What to work on:
Return exactly those lines of the material below that fall between the line holding "Your assistant will" and the line holding "In this case we", inclusive.
═════ Input
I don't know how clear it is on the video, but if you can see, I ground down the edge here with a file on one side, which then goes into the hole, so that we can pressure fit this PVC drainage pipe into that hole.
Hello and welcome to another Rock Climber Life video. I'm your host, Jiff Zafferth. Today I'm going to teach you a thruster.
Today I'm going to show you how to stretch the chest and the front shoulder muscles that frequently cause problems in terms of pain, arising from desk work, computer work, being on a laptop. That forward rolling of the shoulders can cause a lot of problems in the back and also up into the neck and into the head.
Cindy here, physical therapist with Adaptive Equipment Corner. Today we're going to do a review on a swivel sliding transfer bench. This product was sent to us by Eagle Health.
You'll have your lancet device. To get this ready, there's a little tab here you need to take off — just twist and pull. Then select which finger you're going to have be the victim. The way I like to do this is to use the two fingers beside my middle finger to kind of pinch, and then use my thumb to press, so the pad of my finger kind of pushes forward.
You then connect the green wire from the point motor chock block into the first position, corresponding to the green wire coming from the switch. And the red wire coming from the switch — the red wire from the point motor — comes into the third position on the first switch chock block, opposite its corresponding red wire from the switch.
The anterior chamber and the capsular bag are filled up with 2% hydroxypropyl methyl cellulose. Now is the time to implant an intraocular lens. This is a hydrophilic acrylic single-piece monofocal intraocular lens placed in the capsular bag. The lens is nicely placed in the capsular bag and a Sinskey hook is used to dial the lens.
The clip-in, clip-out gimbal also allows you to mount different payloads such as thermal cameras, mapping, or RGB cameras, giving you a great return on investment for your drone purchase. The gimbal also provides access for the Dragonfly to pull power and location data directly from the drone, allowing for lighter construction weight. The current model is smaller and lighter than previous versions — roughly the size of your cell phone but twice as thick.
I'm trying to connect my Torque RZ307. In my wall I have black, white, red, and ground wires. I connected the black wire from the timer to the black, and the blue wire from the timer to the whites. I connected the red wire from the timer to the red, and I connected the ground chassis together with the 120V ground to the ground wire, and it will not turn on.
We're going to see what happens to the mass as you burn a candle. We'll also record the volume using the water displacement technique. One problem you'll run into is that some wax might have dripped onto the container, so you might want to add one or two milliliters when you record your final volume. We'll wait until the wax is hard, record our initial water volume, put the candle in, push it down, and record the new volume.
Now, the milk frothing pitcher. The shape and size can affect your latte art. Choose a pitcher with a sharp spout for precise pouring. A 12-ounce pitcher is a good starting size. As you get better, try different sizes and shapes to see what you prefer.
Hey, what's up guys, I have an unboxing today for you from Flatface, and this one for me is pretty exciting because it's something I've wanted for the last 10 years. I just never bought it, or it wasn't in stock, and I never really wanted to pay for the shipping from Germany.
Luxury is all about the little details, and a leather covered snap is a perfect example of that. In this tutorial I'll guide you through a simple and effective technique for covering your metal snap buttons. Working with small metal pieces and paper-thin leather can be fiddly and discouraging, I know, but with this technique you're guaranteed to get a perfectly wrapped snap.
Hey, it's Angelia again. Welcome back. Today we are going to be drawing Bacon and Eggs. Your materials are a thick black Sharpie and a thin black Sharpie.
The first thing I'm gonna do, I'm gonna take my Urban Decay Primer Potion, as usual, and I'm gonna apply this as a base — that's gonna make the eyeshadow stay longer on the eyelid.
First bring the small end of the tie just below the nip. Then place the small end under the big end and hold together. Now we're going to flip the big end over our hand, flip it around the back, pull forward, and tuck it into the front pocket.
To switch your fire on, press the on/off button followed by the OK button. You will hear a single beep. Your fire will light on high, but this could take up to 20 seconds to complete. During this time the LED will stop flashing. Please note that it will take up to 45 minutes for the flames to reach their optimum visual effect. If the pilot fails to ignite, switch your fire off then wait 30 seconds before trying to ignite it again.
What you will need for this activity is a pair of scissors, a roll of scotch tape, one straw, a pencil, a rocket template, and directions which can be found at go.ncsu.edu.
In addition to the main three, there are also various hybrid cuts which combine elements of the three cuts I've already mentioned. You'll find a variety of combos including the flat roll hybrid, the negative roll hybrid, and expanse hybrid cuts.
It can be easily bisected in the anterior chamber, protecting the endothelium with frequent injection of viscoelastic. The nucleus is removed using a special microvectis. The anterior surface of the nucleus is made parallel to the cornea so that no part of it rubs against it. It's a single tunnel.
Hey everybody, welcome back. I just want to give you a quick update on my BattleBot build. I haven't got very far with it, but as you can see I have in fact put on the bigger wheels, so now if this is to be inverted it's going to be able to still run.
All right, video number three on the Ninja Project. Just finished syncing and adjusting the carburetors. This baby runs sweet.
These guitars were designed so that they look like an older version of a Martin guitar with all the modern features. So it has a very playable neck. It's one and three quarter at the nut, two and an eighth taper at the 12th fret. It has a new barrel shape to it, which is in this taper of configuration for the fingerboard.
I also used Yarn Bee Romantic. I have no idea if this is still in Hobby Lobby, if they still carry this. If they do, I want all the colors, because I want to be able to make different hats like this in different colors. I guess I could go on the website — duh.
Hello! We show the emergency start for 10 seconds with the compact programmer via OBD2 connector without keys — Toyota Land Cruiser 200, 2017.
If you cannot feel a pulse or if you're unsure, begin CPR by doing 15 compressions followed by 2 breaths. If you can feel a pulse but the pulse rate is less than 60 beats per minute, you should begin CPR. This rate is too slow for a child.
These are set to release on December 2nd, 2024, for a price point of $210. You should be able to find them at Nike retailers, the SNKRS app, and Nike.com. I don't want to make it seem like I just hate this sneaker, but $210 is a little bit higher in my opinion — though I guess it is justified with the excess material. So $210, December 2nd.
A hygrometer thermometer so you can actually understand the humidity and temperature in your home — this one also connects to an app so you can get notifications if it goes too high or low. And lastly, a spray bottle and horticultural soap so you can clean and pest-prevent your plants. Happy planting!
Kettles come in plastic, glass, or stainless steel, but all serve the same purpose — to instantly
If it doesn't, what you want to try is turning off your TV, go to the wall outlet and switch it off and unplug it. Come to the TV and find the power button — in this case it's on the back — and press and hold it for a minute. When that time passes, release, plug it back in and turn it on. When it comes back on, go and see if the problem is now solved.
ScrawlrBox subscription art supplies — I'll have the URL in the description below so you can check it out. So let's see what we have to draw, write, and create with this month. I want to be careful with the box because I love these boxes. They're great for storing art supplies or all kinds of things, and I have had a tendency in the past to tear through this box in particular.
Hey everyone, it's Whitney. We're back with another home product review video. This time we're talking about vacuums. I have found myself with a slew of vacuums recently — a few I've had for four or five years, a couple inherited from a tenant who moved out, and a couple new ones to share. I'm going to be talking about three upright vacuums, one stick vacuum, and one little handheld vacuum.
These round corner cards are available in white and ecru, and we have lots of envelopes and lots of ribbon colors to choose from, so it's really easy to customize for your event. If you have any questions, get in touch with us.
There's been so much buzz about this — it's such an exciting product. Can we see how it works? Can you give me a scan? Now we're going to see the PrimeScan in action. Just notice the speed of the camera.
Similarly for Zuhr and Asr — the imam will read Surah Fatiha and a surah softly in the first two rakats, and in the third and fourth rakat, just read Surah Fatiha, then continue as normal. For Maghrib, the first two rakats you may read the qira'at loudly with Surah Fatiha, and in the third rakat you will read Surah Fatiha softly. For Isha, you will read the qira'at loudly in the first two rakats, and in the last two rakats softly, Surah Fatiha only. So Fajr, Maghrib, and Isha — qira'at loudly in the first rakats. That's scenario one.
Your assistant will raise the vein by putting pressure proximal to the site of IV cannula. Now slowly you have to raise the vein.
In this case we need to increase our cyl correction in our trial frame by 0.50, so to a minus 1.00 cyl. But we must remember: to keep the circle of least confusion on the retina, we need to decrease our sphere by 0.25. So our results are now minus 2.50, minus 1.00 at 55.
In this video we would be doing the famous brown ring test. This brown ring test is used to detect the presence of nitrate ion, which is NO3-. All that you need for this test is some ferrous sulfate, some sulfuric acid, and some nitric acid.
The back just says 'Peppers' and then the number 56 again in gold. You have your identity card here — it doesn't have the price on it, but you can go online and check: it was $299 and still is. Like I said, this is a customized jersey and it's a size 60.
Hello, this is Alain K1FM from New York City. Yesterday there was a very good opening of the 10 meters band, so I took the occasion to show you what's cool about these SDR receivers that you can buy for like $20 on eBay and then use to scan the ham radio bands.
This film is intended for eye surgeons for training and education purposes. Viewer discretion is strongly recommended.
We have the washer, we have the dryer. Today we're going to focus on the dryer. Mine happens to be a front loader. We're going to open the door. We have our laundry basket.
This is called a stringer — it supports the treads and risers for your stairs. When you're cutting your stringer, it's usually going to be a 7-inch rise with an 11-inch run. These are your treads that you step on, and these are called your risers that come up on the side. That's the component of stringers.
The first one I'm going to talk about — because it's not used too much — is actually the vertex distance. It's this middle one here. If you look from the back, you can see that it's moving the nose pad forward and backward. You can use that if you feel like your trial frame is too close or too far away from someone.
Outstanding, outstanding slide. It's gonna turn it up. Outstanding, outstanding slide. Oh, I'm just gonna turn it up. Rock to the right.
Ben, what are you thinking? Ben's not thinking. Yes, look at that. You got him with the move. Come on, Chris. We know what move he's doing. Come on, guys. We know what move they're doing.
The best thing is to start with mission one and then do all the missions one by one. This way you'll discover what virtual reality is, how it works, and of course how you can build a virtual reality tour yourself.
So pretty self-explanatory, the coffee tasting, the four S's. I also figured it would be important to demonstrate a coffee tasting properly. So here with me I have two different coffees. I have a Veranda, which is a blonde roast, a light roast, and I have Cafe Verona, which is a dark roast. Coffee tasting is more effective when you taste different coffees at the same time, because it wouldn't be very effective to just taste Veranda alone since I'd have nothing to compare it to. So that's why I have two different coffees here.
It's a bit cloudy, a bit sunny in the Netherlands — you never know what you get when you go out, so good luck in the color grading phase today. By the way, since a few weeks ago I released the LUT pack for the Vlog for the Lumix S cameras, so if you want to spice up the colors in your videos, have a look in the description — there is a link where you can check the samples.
══════════
Task result:
Your assistant will raise the vein by putting pressure proximal to the site of IV cannula. Now slowly you have to raise the vein.
In this case we need to increase our cyl correction in our trial frame by 0.50, so to a minus 1.00 cyl. But we must remember: to keep the circle of least confusion on the retina, we need to decrease our sphere by 0.25. So our results are now minus 2.50, minus 1.00 at 55.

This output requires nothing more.